A chunky silver ring on his right hand is one of the only material possessions Martz still has from his “old life.” It represented his time as a member of the North American Hunting Club.
Martz can list the events that lead to rock bottom — drug use, an eviction, a pneumonia diagnosis that revealed lung cancer, chemotherapy.
“It would make me throw up, the other thing,” Martz said grimacing. “You didn’t want to eat. You wanted to sleep all the time.”
In September, Martz said his oncologist gave him six to nine months to live.
Around that time he was sleeping in his broken down 1993 Oldsmobile Cutlass in a strip mall parking lot in Mesa. Eventually police kicked him out after the center’s owner complained.
“I just grabbed my meds and anything essential and just walked off the property,” Martz said. He walked until the skin on his feet bubbled into blisters. A hospital covered the wounds with salve and discharged him.
“I got out of the hospital and I tried to get out of the wheelchair they wheeled me in and I couldn’t even stand up,” Martz said.
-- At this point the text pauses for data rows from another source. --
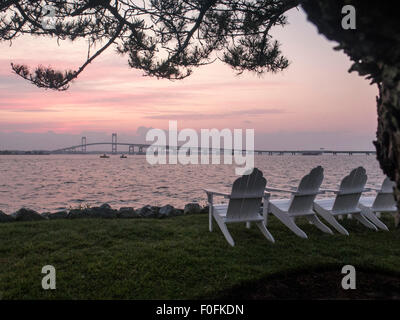 Adirondack chaises donnant sur Claiborne Pell Bridge et la baie de Narragansett à Newport, Rhode Island Banque D'Images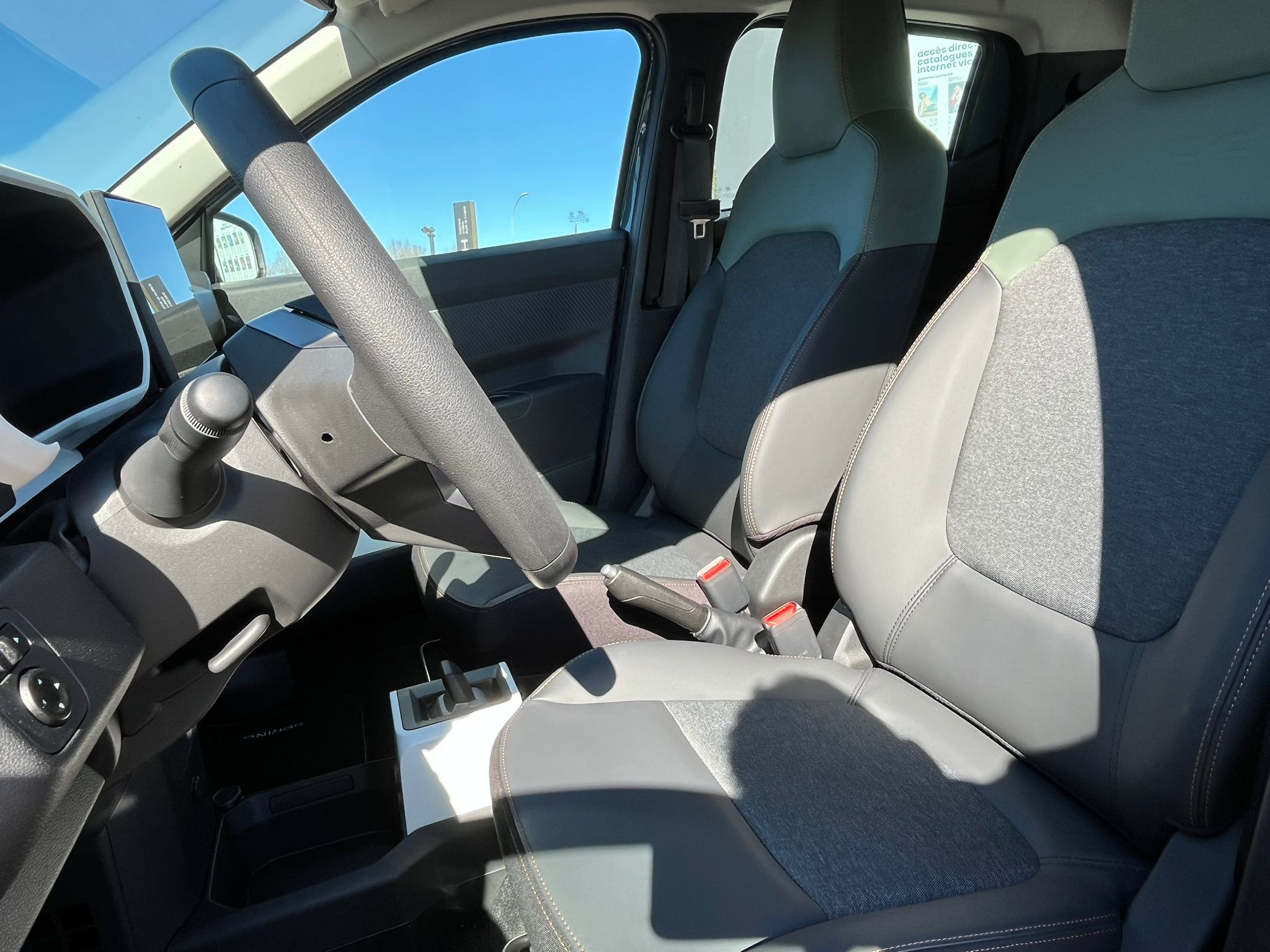 Vente en ligne Dacia Spring  electric 100 au prix de 19 990 €
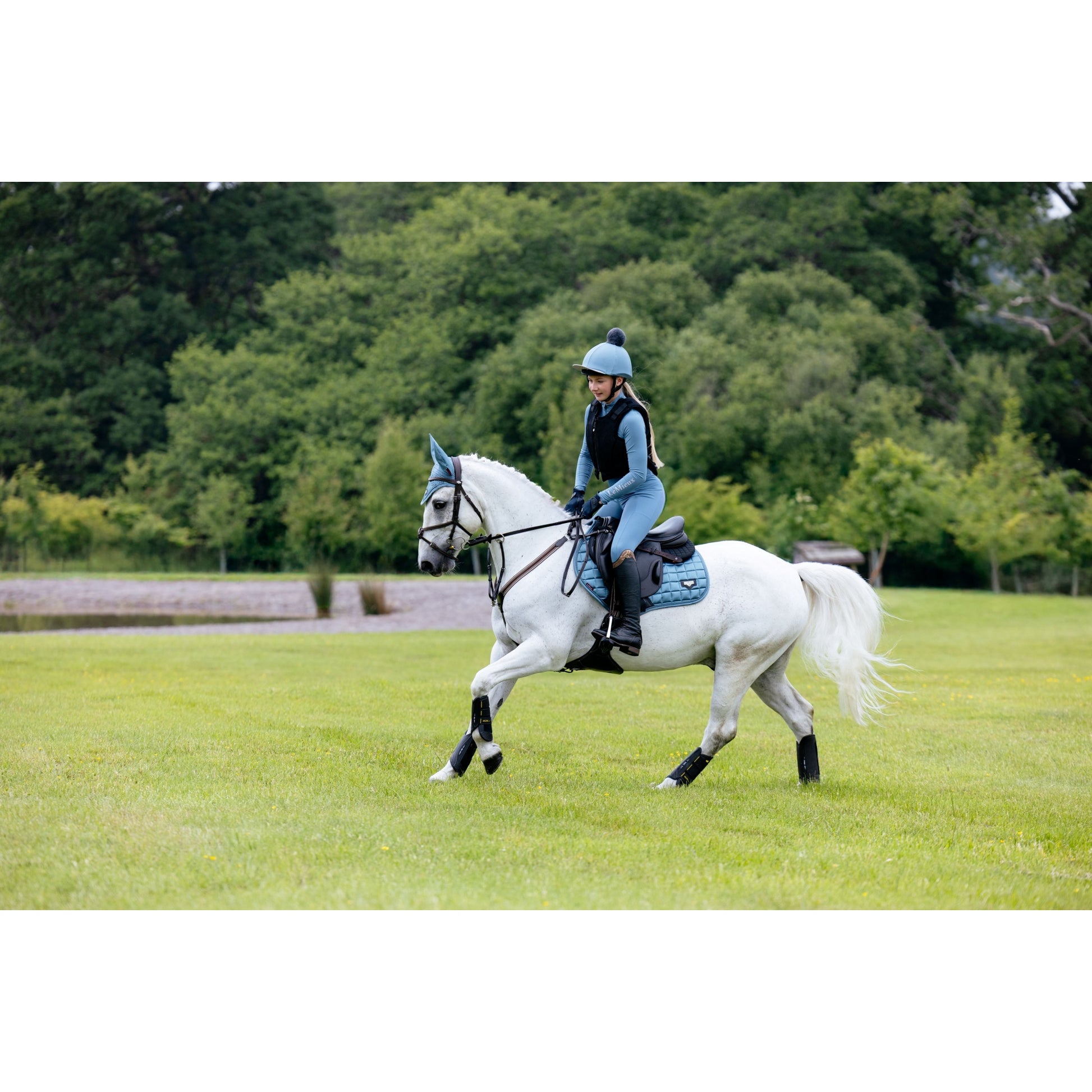 Lemieux Loire Classic Close Contact Square Pad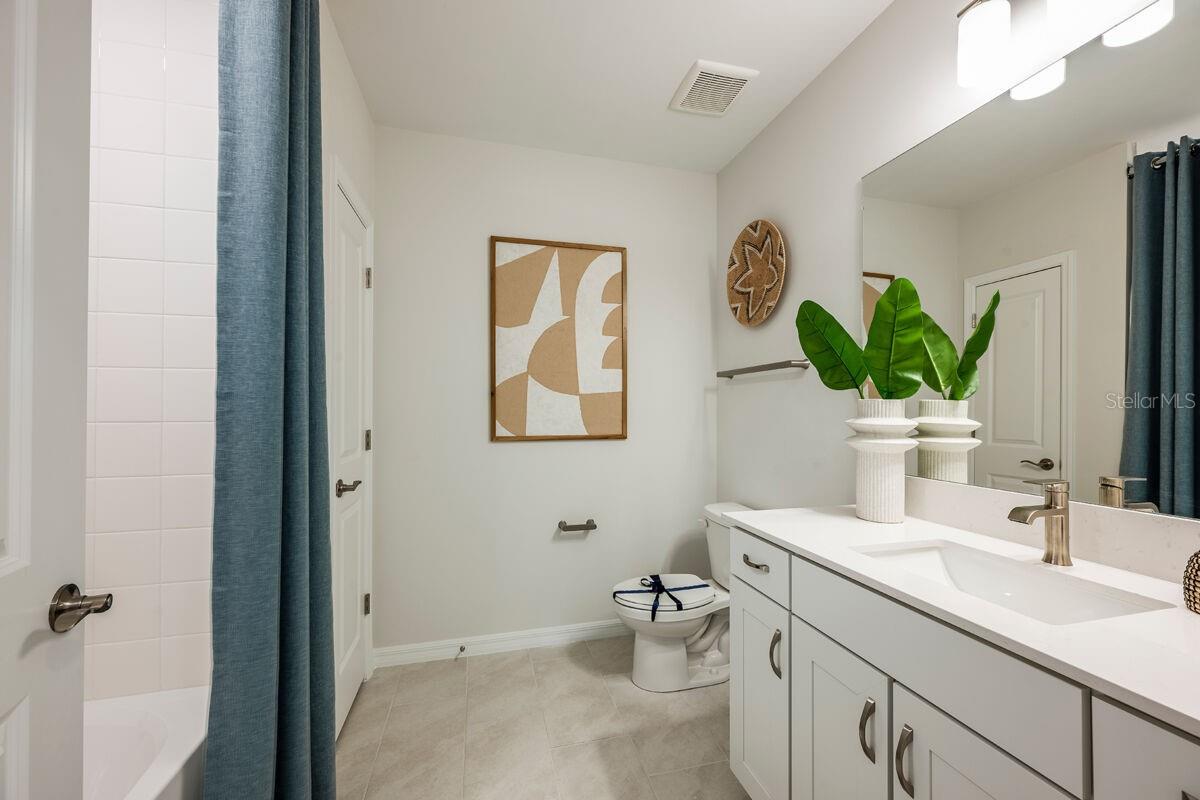 ENCLAVE AT KINGSWAY CIRCLE - Residential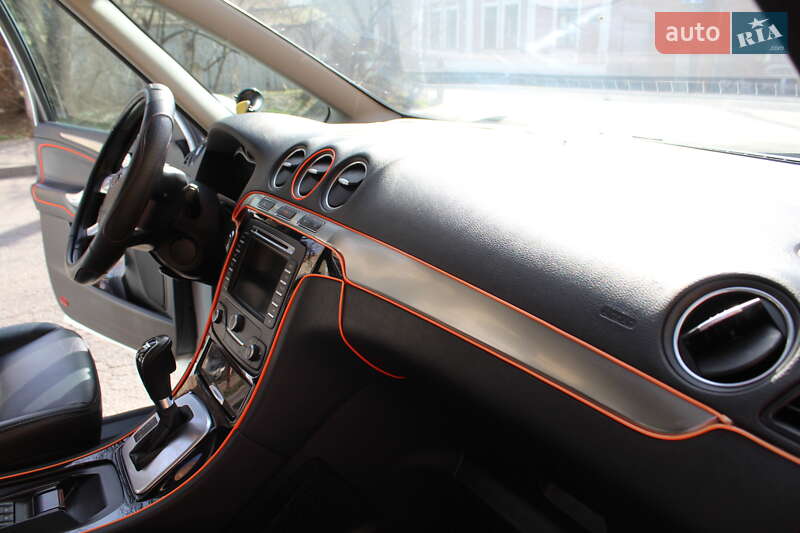 Минивэн Ford Galaxy 2014 в Черновцах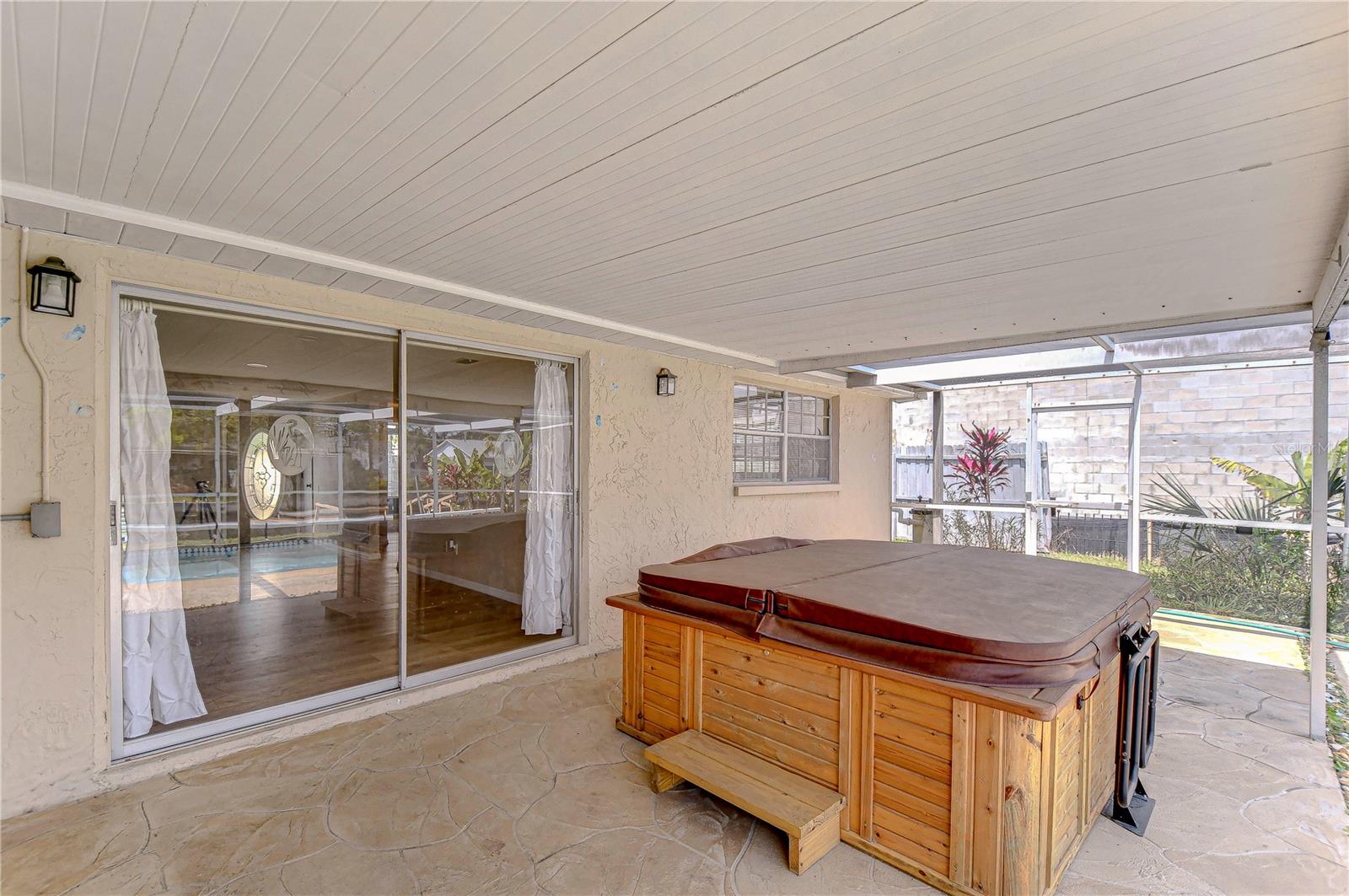 9826 Island Harbor Dr Property Photo 57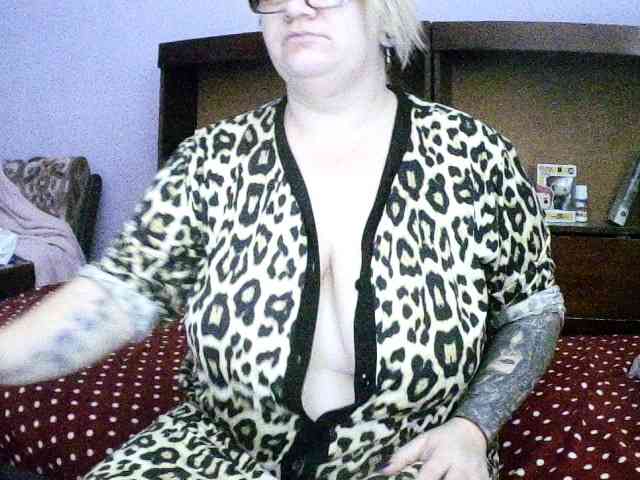 sweetmommy Live Webcam on BongaCams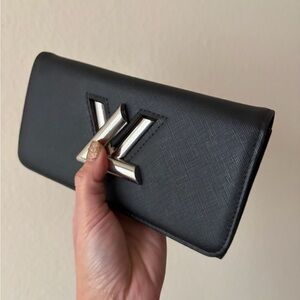 Black Dupe Turn Lock Designer Clutch Bag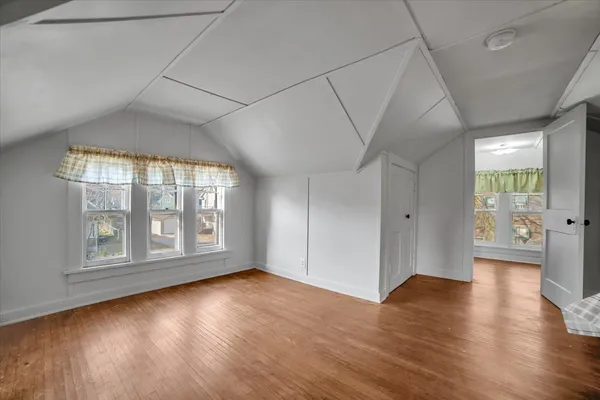 $219,900 | 257 West Illinois Avenue, Aurora, IL 60506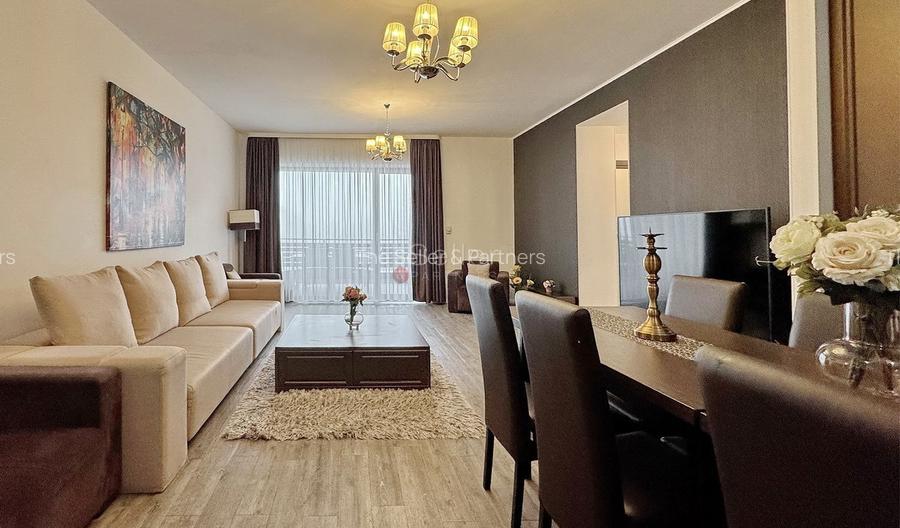 Priveliste spre masivul Postavarul - 3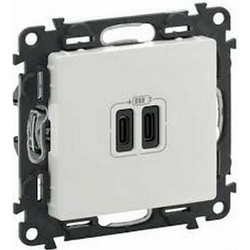 Πρίζα Valena Life 2xUSB Φόρτισης Τύπου C 3000MA WHITE (753107)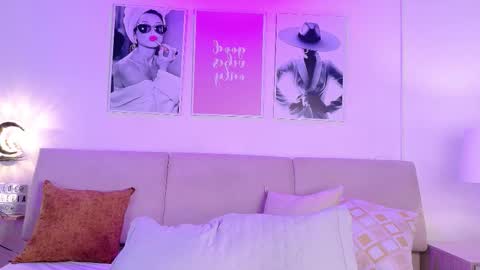 chloeferreira online show from February 5, 4:48 am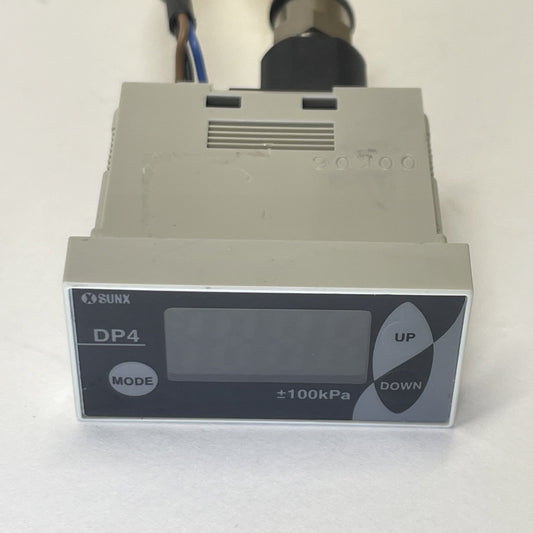 Sunx DP4-57 DP457 Pressure Sensor 12-24VDC
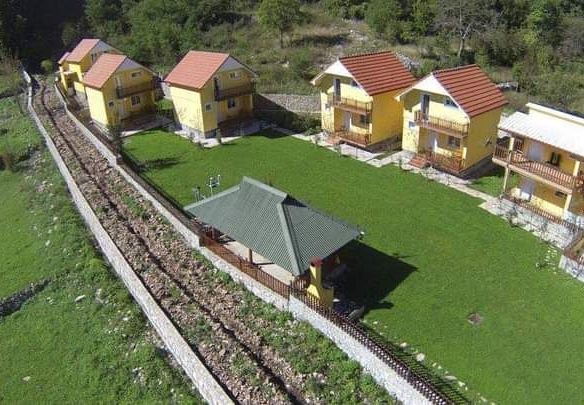 Stambeni kompleks sa 7 kućica blizu Cetinja,Obzovica.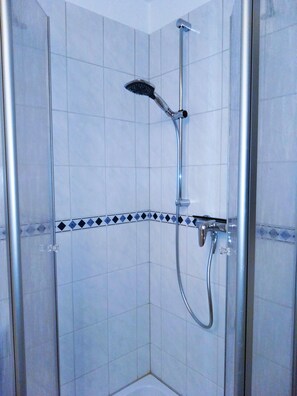 Shower, hair dryer, towels, toilet paper - 200m zu Fuß am Strand, Zentral Gelegen. Erlebnisurlaub Laboe Ferienwohnung 2 (Laboe)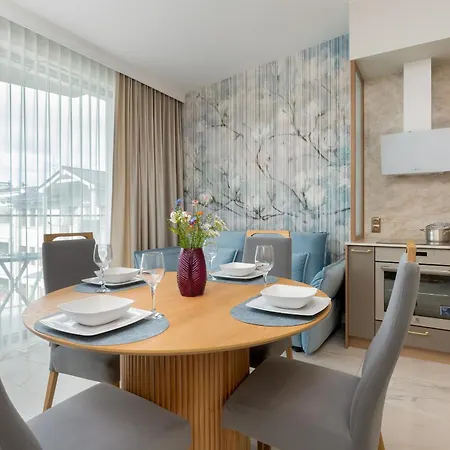 Elegancki W Sopocie Z Parkingiem I Klimatyzacja Blisko Plazy By Rent Like アパート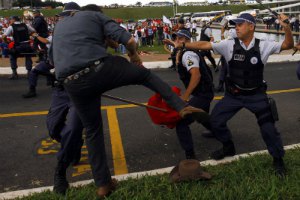 ​В Бразилии акция протеста обернулась столкновениями с полицией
Then he remembered he had a number for Hospice of the Valley.
“He was very sick, sad, uncertain of the future, some anxiety and I think he just didn’t know what was going to happen,” said Kim Despres, a program director at Circle the City where Martz ended up.
Homeless people can recover there when they’re not sick enough to stay in a hospital, but not well enough to be on the streets.
It’s also one of the only places that provides end-of-life care for people who have nowhere else to go. James Martz had decided he was done with chemotherapy and entered hospice there.
Hospice of the Valley took care of 18,500 patients and family members last year. It’s just one of dozens of hospice organizations in the Valley.
“They focus on keeping the patients up until the very last moment, as much as possible pain free and anxiety free, surrounded by loved ones,” Despres said. “That could be us, any of the staff here.”
Martz’s routine changed at Circle the City. Now each day starts out in the clinic where he inhales medicine for a cough and tips back a tiny paper cup of pills into his mouth that includes treatment for pain and depression.
“Thank you,” he said, beaming at the nurse.
“You’re welcome. I will see you later.”
In the two and a half months since he checked in, Martz had made changes to his life. He’s sober and stopped smoking.
“Pride almost killed me,” Martz said. It’s what kept him from asking for help earlier. “I didn’t realize how far I let myself go down before I called them.”
Martz said his head feels clear now for the first time in months. He restarted chemotherapy treatments in January.
Staff call Martz’s improvements a hospice graduation. He wants to prove the oncologist’s prediction is wrong.
“Not to rub it in his face, but just to say I won for this round,” Martz said. “I’m ready for the next round.”